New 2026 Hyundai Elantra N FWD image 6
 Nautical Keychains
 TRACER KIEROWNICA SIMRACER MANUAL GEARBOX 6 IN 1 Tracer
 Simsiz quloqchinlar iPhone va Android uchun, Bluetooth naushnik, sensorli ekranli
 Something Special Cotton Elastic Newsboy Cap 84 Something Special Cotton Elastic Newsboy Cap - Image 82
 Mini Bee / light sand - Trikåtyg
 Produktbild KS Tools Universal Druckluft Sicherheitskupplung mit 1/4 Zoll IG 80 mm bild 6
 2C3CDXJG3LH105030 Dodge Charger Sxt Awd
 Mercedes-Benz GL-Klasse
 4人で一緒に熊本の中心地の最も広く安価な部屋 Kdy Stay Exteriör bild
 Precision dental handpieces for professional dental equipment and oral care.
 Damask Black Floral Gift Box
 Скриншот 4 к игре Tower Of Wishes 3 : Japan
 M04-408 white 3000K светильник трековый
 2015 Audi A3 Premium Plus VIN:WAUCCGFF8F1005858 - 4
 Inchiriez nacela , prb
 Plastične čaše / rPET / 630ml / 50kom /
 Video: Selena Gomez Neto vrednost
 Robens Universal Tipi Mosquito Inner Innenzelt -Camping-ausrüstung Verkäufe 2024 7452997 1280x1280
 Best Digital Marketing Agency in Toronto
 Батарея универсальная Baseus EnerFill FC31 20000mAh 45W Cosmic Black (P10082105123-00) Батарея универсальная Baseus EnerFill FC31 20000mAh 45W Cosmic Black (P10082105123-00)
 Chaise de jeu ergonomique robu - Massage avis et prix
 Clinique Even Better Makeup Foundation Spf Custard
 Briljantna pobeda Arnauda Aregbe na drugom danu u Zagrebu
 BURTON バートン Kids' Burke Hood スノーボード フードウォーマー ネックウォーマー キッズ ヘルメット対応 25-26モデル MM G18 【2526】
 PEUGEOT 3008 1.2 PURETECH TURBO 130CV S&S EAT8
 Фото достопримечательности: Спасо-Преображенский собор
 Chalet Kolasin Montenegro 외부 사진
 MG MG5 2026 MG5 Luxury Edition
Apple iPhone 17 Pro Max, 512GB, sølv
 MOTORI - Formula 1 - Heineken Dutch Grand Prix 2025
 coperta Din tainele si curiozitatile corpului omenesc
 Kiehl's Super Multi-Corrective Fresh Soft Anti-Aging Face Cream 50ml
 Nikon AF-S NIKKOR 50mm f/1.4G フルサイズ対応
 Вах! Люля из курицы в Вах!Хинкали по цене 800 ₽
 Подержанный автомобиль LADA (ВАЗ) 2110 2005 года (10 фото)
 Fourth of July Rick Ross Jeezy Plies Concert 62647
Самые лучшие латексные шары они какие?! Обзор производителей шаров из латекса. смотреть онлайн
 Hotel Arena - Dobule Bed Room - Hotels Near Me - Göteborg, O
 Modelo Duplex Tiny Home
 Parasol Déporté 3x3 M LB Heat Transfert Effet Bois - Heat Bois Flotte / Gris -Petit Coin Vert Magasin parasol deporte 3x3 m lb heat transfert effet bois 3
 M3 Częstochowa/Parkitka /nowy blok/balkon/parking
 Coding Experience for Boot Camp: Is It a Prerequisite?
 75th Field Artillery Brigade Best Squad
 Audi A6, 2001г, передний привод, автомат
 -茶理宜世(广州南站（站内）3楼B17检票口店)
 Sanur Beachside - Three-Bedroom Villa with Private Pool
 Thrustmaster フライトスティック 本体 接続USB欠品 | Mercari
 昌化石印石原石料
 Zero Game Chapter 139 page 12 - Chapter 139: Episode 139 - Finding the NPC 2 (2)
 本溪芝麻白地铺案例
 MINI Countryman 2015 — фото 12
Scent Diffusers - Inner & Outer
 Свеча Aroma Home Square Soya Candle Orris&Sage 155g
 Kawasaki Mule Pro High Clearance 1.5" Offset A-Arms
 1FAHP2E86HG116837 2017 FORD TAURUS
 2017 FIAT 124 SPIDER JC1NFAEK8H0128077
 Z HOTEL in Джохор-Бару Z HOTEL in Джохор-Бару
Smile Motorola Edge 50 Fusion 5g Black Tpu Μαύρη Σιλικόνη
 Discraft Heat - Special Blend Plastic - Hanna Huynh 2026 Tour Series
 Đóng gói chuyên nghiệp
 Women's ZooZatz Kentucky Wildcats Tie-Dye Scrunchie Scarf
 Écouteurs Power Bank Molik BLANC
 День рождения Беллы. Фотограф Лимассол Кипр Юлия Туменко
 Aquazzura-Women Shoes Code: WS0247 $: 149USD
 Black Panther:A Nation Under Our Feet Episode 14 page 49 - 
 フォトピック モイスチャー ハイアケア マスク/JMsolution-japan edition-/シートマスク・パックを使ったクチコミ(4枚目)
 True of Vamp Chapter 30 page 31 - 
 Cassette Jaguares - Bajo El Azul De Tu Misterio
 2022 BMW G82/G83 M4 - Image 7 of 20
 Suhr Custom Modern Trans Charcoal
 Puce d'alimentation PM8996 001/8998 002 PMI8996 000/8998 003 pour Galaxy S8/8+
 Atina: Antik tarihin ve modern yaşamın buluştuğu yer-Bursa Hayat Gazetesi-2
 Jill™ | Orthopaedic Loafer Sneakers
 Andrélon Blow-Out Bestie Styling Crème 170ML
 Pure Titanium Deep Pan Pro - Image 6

→ WHAT YOU SHOULD DO
From the line containing "1FAHP2E86HG116837 2017 FORD TAURUS" down to the last line, reproduce the records exactly. Include both ends.

→ SOLVED PROBLEM
 1FAHP2E86HG116837 2017 FORD TAURUS
 2017 FIAT 124 SPIDER JC1NFAEK8H0128077
 Z HOTEL in Джохор-Бару Z HOTEL in Джохор-Бару
Smile Motorola Edge 50 Fusion 5g Black Tpu Μαύρη Σιλικόνη
 Discraft Heat - Special Blend Plastic - Hanna Huynh 2026 Tour Series
 Đóng gói chuyên nghiệp
 Women's ZooZatz Kentucky Wildcats Tie-Dye Scrunchie Scarf
 Écouteurs Power Bank Molik BLANC
 День рождения Беллы. Фотограф Лимассол Кипр Юлия Туменко
 Aquazzura-Women Shoes Code: WS0247 $: 149USD
 Black Panther:A Nation Under Our Feet Episode 14 page 49 - 
 フォトピック モイスチャー ハイアケア マスク/JMsolution-japan edition-/シートマスク・パックを使ったクチコミ(4枚目)
 True of Vamp Chapter 30 page 31 - 
 Cassette Jaguares - Bajo El Azul De Tu Misterio
 2022 BMW G82/G83 M4 - Image 7 of 20
 Suhr Custom Modern Trans Charcoal
 Puce d'alimentation PM8996 001/8998 002 PMI8996 000/8998 003 pour Galaxy S8/8+
 Atina: Antik tarihin ve modern yaşamın buluştuğu yer-Bursa Hayat Gazetesi-2
 Jill™ | Orthopaedic Loafer Sneakers
 Andrélon Blow-Out Bestie Styling Crème 170ML
 Pure Titanium Deep Pan Pro - Image 6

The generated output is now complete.